In letters of 1908, Lawrence explained his wretched struggles to maintain discipline without resorting to the cane:

School is a conflict—mean and miserable—and I hate conflicts.  I was never born to command.  I do not want to command.  So the lads and I have a fight, and I have a fight with my nature, and I am always vanquished.  The kids are rough and insolent as the devil.  I had rather endure anything than this continual, petty, debasing struggle. I put up with them until I can stand them no longer, then I land the nearest, and as likely as not, he’s innocent.

He told a friend, “I’ll not go on.  The Education Committee has had blood and tears out of me for a hundred a year.  I’ll not endure it.  I’d rather work on a farm.”

In his essay “Education of the People”, Lawrence expressed anger about the difficult and sometimes impossible role of the “mongrel” schoolteacher, who must uphold false values: “The elementary school-teacher is in a vile and false position.  Set up as a representative of an ideal which is all toffee, invested in an authority which has absolutely no base except in the teacher’s own isolate will, he is sneered at by the idealists above and jeered at by the materialists below, and ends by being a mongrel, with every shred of natural pride ground out of him.”

At the end of 1911 pneumonia allowed him to escape from teaching in Croydon.  “The last fortnight I have felt really rotten,” he wrote, “it is the dry heat of the pipes in school, and the strain—and the cold.  I must leave school, really.”  Then, with a dire early warning, he explained, “the doctor says I mustn’t go to school again or I shall be consumptive.”  Sixteen years later he still expressed his nightmarish anxiety about teaching: “One of my troubled dreams, sleep-dreams, I mean, is that I am teaching and that I’ve clean forgotten to mark the register, and the class has gone home!  Why should I feel so worried about not having marked the register?  But I do.”

Lawrence returned to this emotionally exhausting time in his portrayal of Ursula Brangwen’s teaching at St.
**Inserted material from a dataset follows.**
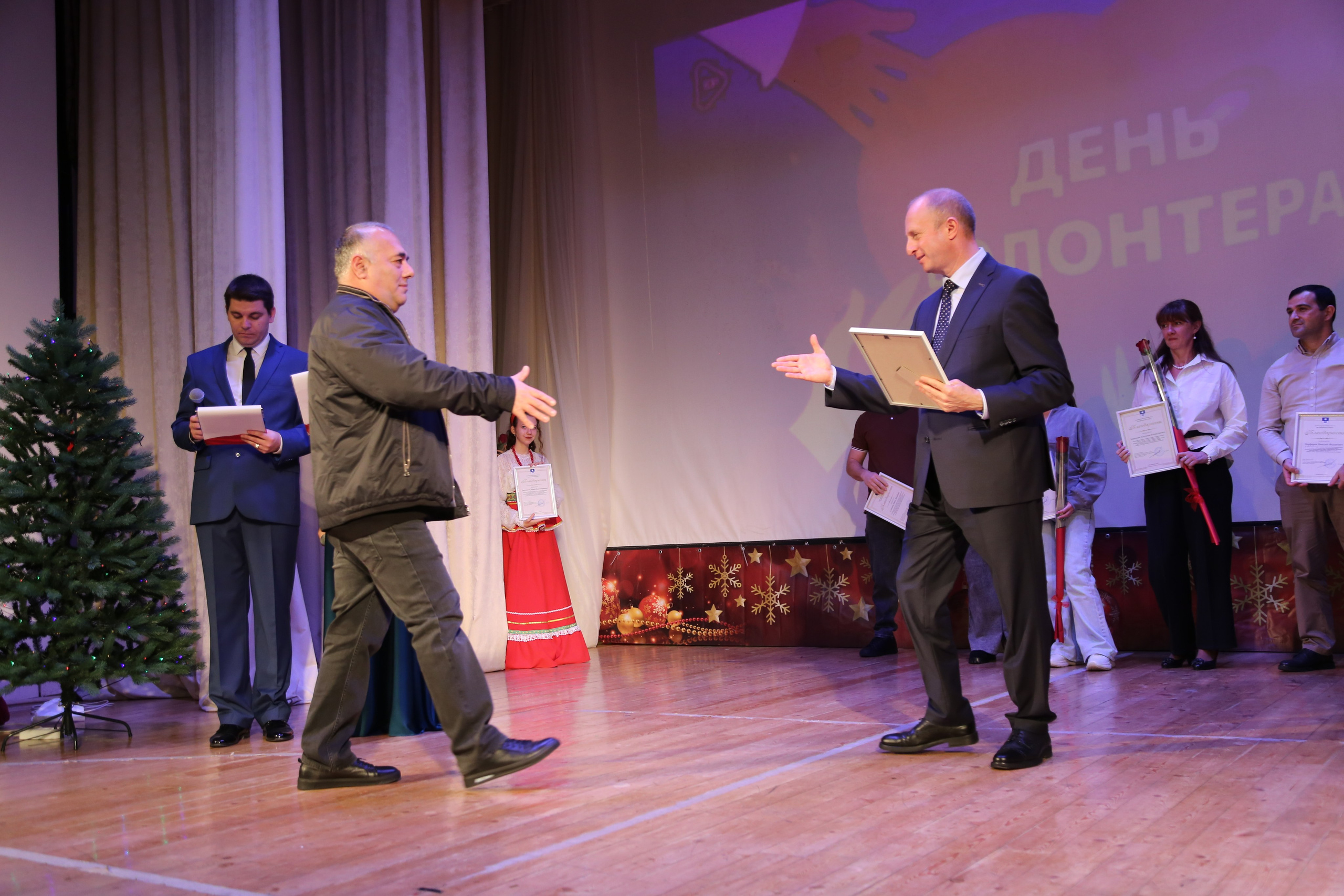 День Волонтёра. Жизнь курорта Кабардинка в фотографиях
Philip’s School in chapter 13 of The Rainbow (1915).  She felt drained by forcing the savage children to learn and horrified by beating the blubbering boys.  When Ursula faced the class she seemed to lose her identity and “felt utterly non-existent.  She had no place nor being there.”  Her ugly Victorian school is hellish, and she is exhausted and overwhelmed by the claustrophobic atmosphere, by the effort to teach and to discipline, by

the horrid feeling of being shut in a rigid, inflexible air, away from all feeling of the ordinary day. . . . The school squatted low within its railed, asphalt yard, that shone bleak with rain.  The building was grimy, and horrible, dry plants were shadowily looking through the windows. . . . She could not bear it when the boy was beaten.  It made her sick.  She felt that she must go out of this school, this torture place. . . .

The teaching hours were too long, the tasks too heavy, and the disciplinary condition of the school too unnatural for her. . . . It was agony to the impulsive, bright girl of seventeen to become distant and official, having no personal relationship with the children. . . .

And the children were simply awful.  You’ve got to make them do everything.  Everything, everything has got to come out of you.  Whatever they learn, you’ve got to force it into them—and that’s how it is. . . . The teaching hours were too long, the tasks too heavy, the disciplinary condition of the school too unnatural for her.  She was worn very thin and quivering.

The most degrading and agonising incident occurs when she is forced to beat a vicious and violent boy.  He resists her and fights back as she becomes brutalised and humiliated:

She snatched the cane from the desk, and brought it down on him.  He was writhing and kicking.  She saw his face beneath her, white, with eyes like the eyes of a fish, stony, yet full of hate and horrible fear.  And she loathed him, the hideous writhing thing that was nearly too much for her.  In horror lest he should overcome her, and yet at the heart quite calm, she brought down the cane again and again, whilst he struggled making inarticulate noises, and lunging vicious kicks at her.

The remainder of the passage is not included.